Итак, план осмыслен, принят – и сразу началось его осуществление. С первых лет индустриализации значительная часть вновь вводимых мощностей стала ориентироваться на производство военной техники и материалов. Решение Политбюро от 15 июля 1929 г. иметь к концу первой пятилетки 3 тыс. танков, 3759 легких и 798 тяжелых пушек было сдано в архив. В 1931–1933 гг. в стране, где от голода умерло несколько миллионов человек, стремительно наращивалось производство танков: в 1931 г. – 740, в 1932 г. – 3038, в 1934 г. – 3565, тогда как в 1929/30 хозяйственном году было выпущено всего 170 боевых машин. Неплохо обстояло дело с артиллерией. Начав в 1929 г. с производства 952 стволов, в 1931 г. их выпуск довели до 2570, а в 1933 г. – до 4630 орудий (10, с. 84).
Критики Тухачевского в наше время упрекают его в глупости: тот ратовал за создание сверхмощного танкового кулака в десятки тысяч машин! Где взять водителей, механиков, командиров? И зачем нужны такие мощности? Критиковать Тухачевского есть за что, но стоит принять во внимание следующий факт. Если бы не избыточное военное производство, то в 1941–1942 гг. Красная Армия не смогла бы противостоять вермахту. Однако даже осенью 1941 г. производство военной техники соответствовало германской. А в 1942 г. советская промышленность произвела 24,4 тыс. танков против 6,2 тыс. у Германии – почти в четыре раза больше! То есть потери территорий, заводов, рудников и сотен тысяч квалифицированных рабочих и техников на объемы производства повлияли в незначительной степени. И механики-водители нашлись, и командиры.
С 1943 г., несмотря на все разрушения, производство стало уходить в отрыв от немецких показателей на сотни (!) процентов. Это было фантастикой, особенно для «вечно отстающей» России. Вот характерные пассажи из мемуарной книги «Пилот «штуки» летчика-аса Ганса Руделя, по поводу виденного им из кабины самолета: «Откуда они взяли эти неисчислимые массы людей и боевой техники? В этом явно есть что-то сверхъестественное…Это огромное количество военного снаряжения и материалов приводит нас в замешательство и часто – в уныние…Куда ни брось взгляд, везде массы людей и военной техники… Огромное количество танков заставляет шевелиться волосы на голове».
Больше оружия за войну могли произвести только США. При этом созданная система подготовки кадров в СССР вполне справлялась с подготовкой массового персонала для танковых и любых других родов войск. И в этом тоже заслуга Тухачевского, озаботившегося ее созданием в первой половине 30-х гг.
Будущая полномасштабная (мировая) война будет идти уже по другим принципам.
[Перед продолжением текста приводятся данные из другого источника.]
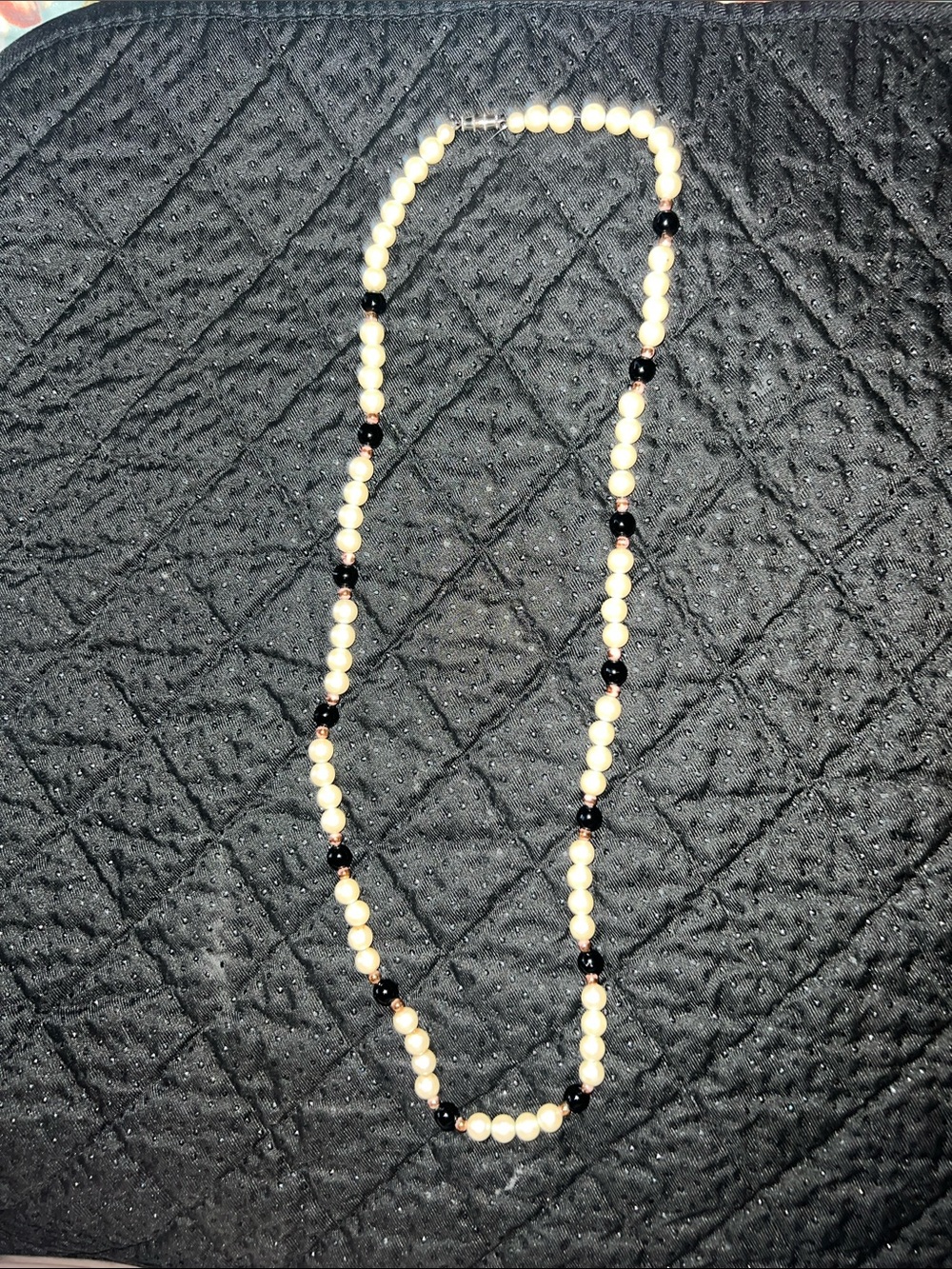 Vintage White Pearl Bead Necklace with Black Onyx Style Accents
Она будет «сетевой», без четко обозначенной линии фронта, с большой долей партизанско-диверсионных действий. В таких условиях копить горы оружия и держать под ружьем миллионы солдат – занятие бессмысленное. Судьбу сражений, с одной стороны, будут решать профессионалы, а с другой – массы гражданского населения, вышедшие на улицы с требованиями свержения правительств. Будущая война будет как «кибернетической», так и революцией маргиналов (следствие демографического роста, приведшего к новому циклу «переселения народов»). Но во времена Тухачевского война могла быть только тотальной, для которой необходимы именно горы оружия и миллионы солдат.
Одновременно Тухачевский со своими единомышленниками шаг за шагом разрабатывал новую концепцию войны – «стратегию сокрушающего удара».
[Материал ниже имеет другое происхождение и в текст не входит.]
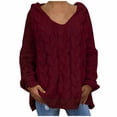 thumbnail image 2 of RKSTN Sweaters for Women Fashion Loose Large Size Color Hood Long Sleeves Sweater Tops Fall Sweaters, 2 of 8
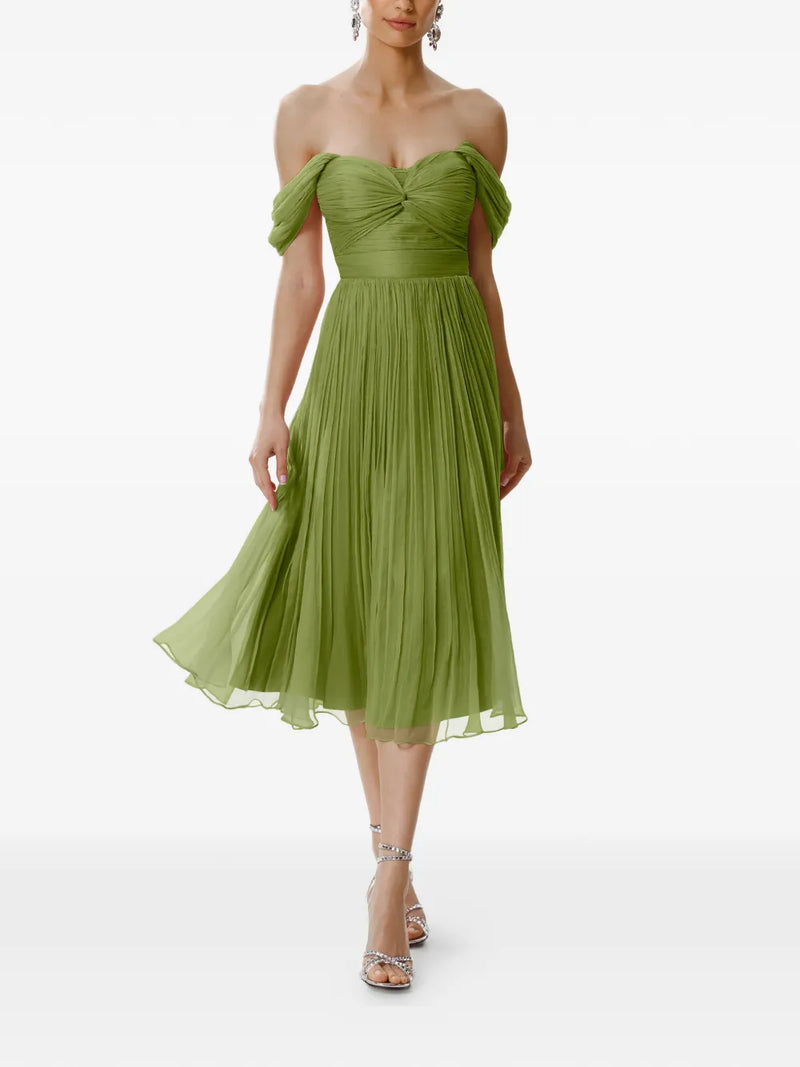 Kaly pleated silk midi dress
Первой теоретической разработкой, ставшей основой теории блицкрига или «глубоких операций», стала вышедшая в 1929 г. книга В. Триандафилова «Характер операций современных армий». Любопытна перекличка анализа Триандафилова с идеями Тухачевского, взявшегося их реализовывать в соответствии со своим планом.
Триандафилов опирался, прежде всего, на опыт германской армии мировой войны. В той войне тараном служила концентрация пехотных масс, насыщенных артиллерией.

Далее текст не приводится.